Ia menyebut kesetaraan bekerja juga harus dimiliki oleh penyandang disabilitas. Bahkan UU No. 8 Tahun 2016 tentang Penyandang Disabilitas secara tegas mengatur bahwa difabel tetap memiliki hak untuk bekerja, kewirausahaan dan koperasi.
Menurut Mufida, keberatan yang disampaikan penyandang disabilitas adalah penyebutan kata ‘cacat’ dalam UU Cipta Kerja yang dalam UU Penyandang Disabilitas sudah tidak lagi digunakan kata tersebut.

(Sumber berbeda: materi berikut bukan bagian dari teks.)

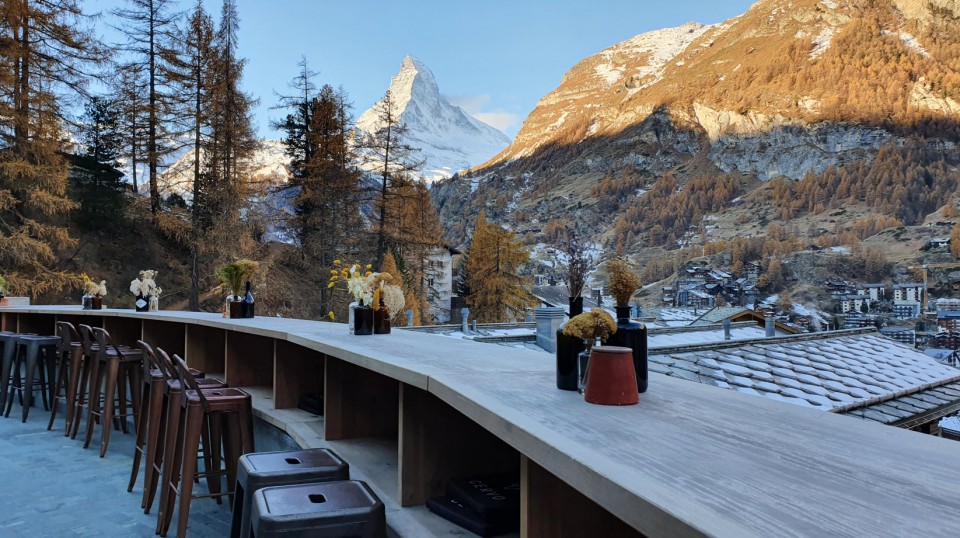 Séjour dans une Suite avec cheminée et vue Cervin au Nomad Cervo à Zermatt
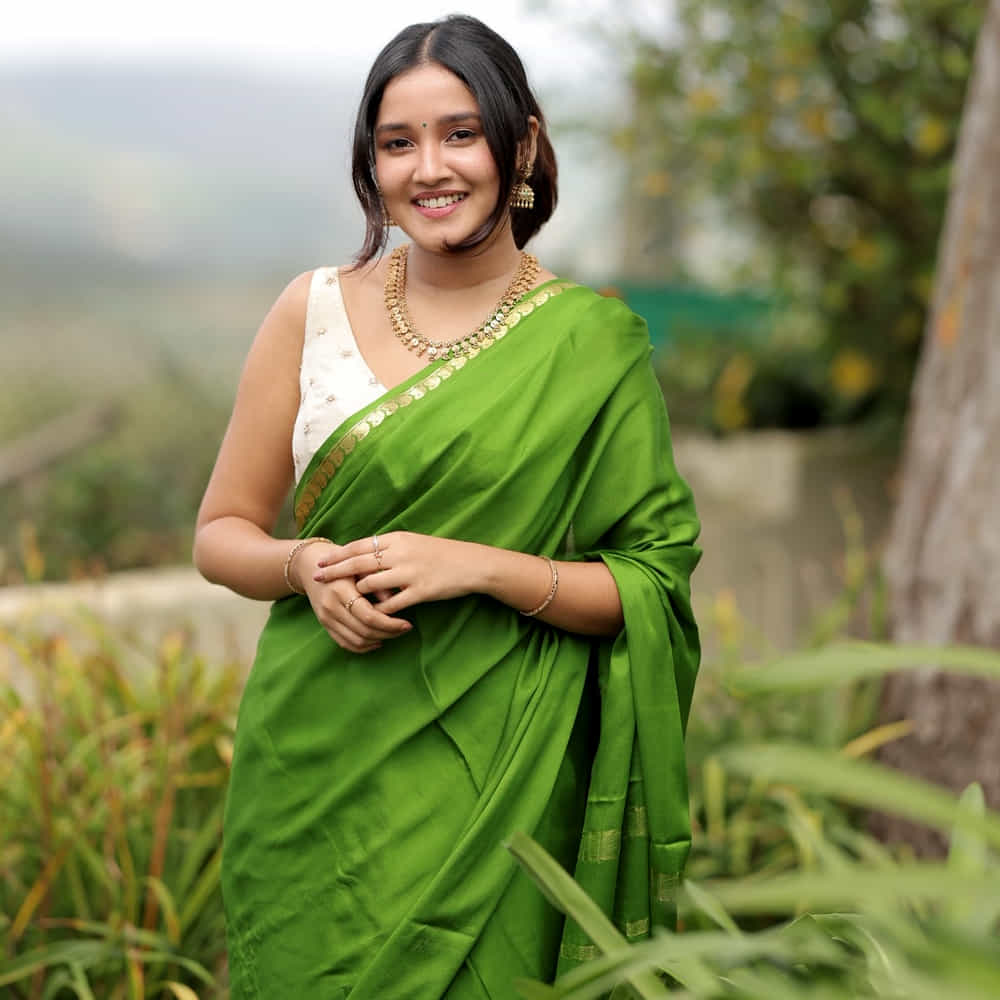 చాలా మంది చైల్డ్ యాక్టర్స్ హీరోలుగా, హీరోయిన్స్ గా మారి సినిమాలు చేస్తున్నారు. ఎన్నో సినిమాల్లో చైల్డ్ ఆర్టిస్ట్ గా సినిమాలు చేసిన అనికా సురేంద్రన్ ఇప్పుడు హీరోయిన్ గా సినిమాలు చేస్తుంది. ఇప్పుడు తన అందంతో కుర్రాళ్లను కవ్విస్తుంది ఈ ముద్దుగుమ్మ.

Selain itu, UU Cipta Kerja menganulir ketentuan Pasal 27 Undang-Undang Nomor 28 Tahun 2002 tentang Bangunan Gedung, Pasal 24 angka 13 UU Ciptaker yang menghapus ketentuan Pasal 16 Undang-Undang Nomor 28 Tahun 2002 tentang Bangunan Gedung.
Penghapusan ini ini disebut telah menghilangkan hak penyandang disabilitas dalam mendapatkan kemudahan akses bangunan gedung. Sehingga justru menyulitkan para pencari kerja dari kalangan penyandang disabilitas.
“Penggunaan istilah ‘cacat’ dan penghapusan soal aturan kemudahan akses ini kan aturan yang mundur. Bekerja adalah hak setiap warga negara termasuk mereka penyandang disabilitas. Kalau aturannya saja tidak berpihak, bagaimana dengan akses kesetaraan dalam bekerja?” ungkap Mufida.
Selain itu aturan durasi pekerja dengan perjanjian kerja dalam waktu tertentu (PKWT) yang otomatis menjadi perjanjian kerja waktu tidak tertentu (PKWTT) setelah tiga tahun yang dihapus UU Cipta Kerja dinilai ikut berdampak pada pekerja difabel.
“Teman-teman difabel merasak tidak mendapat kepastian, sebab jikapun peralihan ke PKWTT jangka waktunya lebih tidak tentu, teman-teman difabel khawatir pengusaha lebih menomorsatukan pekerja dengan fisik yang lebih sempurna dibanding teman-teman difabel,” ujar Mufida.
Sebab itu, penting bagi Pemerintah dan DPR untuk mendengarkan masukan dari penyandang disabilitas. “Jangan sampai seremoni Hari Disabilitas hanya lips service tanpa ada keberpihakan yang nyata bagi mereka,” ungkap Mufida.